Ong has brought together the sort of cultural big-hitters we are used to expecting on the international festival circuit. The CVs in the programme reveal a creative team of immense experience around that circuit, and certainly the piece shows all the strengths of its international pedigree. I didn’t look at the programme until after the show, and actually commented to my wife that the closest thing I had seen to what we were watching was a piece by Chinese composer Tan Dun, Revolution, which I had seen at the Huddesfield Contemporary Music festival in the 90s. Lo and behold, there in the progamme I find that two of the music pieces had been composed by Tan Dun. The video work by Choi Ka Fai and others is some of the best I have seen, and the stories of a range of individuals, told by four actors, are riveting in their insights.

Having said all of that, and the piece was really good, and I am really glad I saw it, it was also frustrating. The very scale of the piece, which will undoubtedly make it extremely well received around the festival circuit, militated against a genuine engagement with the very personal stories. We see the actors, telling the stories, replicated on four huge screens at the back of the stage, in black and white, with headset microphones next to their faces. There are all sorts of practical reasons for this. The orchestra playing flat out for one, the sheer size of the Playhouse for another. At the same time we see the actors, lit, sideways on at the sides of the stage, speaking to an offstage camera. Why? We see the mediated images dominating everything, the real person remote from us. I should say, as well, that the whole stage is behind a gauze, on which projections are being screened.

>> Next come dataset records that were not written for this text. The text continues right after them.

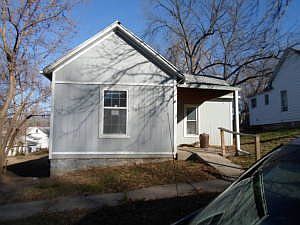 1st image of 819 Richardson St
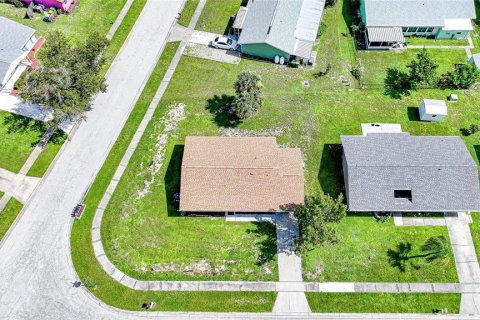House in Port Charlotte, Florida 2 bedrooms, 85.19 sq.m. № 1847871 - photo 10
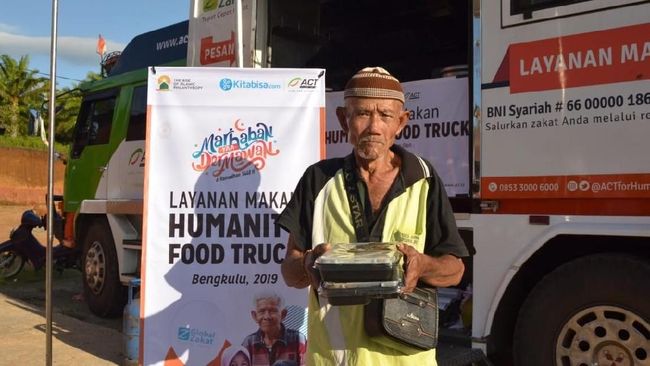 Humanity Food Truck Bantu Makanan ke Korban Banjir Bengkulu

The real people are remote from us, just when we most want to engage with them as people. This is one of the perennial problems of multi-media work – how do you stop the mediated images swamping the live performers?

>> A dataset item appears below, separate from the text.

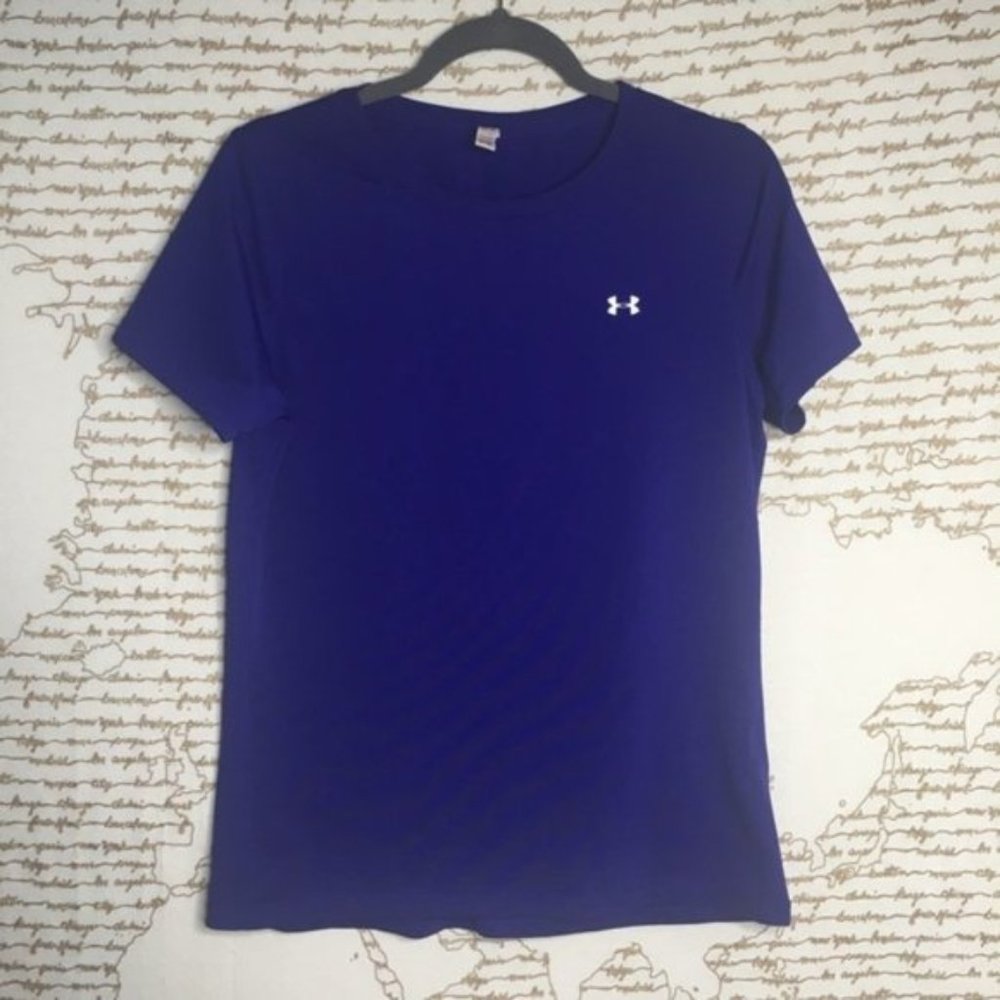 Under Armour Size Medium Purple Fitted Heat Gear Workout Top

The music was ravishing. The orchestra, under Tsung Yeh, were marvellous. The video work was fantastic. A couple of sections particularly stood out for me. The first half ended with a funny, clever, delightful Bollywood music video by Navin Rawanchaikul, about his journey to India to seek for people with the same name as him. In the second half the section with Scottish artist Rabiya Choudhry was riveting. One of the reasons that it was so powerful, I have to say, is because she was sitting on the stage drawing on a screen as we listened to her voice. Watching a real person, NOT behind a gauze, was a welcome bonus. I, and several others, both those who accompanied me and other members of the audience I over heard at the end, found ourselves craning to see over her shoulder to the actual drawing, rather than looking at the huge projection of the drawing onto the front gauze.

There were memorable images throughout the piece. Simple, eloquent moments when an actor, seen in silhouette, would walk across the platform in front of the huge screens. The image of a group of people walking into the sea, to be eventually picked up by boats, an image which resonated powerfully with forgotten memories of the Vietnamese Boat People all those years ago. The music suffused with the kind of duende that Celtic music is filled with, that is also found in Flamenco, another diasporic tradition aching with a longing for home.

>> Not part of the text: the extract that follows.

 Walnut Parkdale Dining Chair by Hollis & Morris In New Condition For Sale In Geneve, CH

The piece is powerful, no doubt. It is filled with the authentic voices of the people who have migrated throughout the countries of South East Asia: Indonesia, Thailand, Vietnam, India, China, Malaysia, and Singapore more than anywhere else combines all of those traditions into a culture which values and respects those traditions. Those who read my blog during the Singapore Arts Festival will recall the court case where some religious fundamentalists were jailed for sending inflammatory religious tracts to people of other religions. The judge, in sentencing them, said that their actions struck at the very heart of Singaporean society, which is based on respect for diversity. Diaspora is not only about loss, it is also about opportunity, new beginnings, and the chance to turn away from the mistakes and hatreds of the past and make a fresh beginning. Ask our sheepstealing descendents who regularly thrash us in sporting events. Ask the people of the thriving country of Singapore.

Perhaps the most moving question of all that the piece poses is “where would you like your remains to be when you die?”. The ways that the people interviewed answered this are moving. It sent me, a Celt who lives in England, out into the night examining the depths of my own heart.

A fascinating piece. The sort of piece that only a Festival like Edinburgh can really bring to this country. I just wish we could have been closer to the people.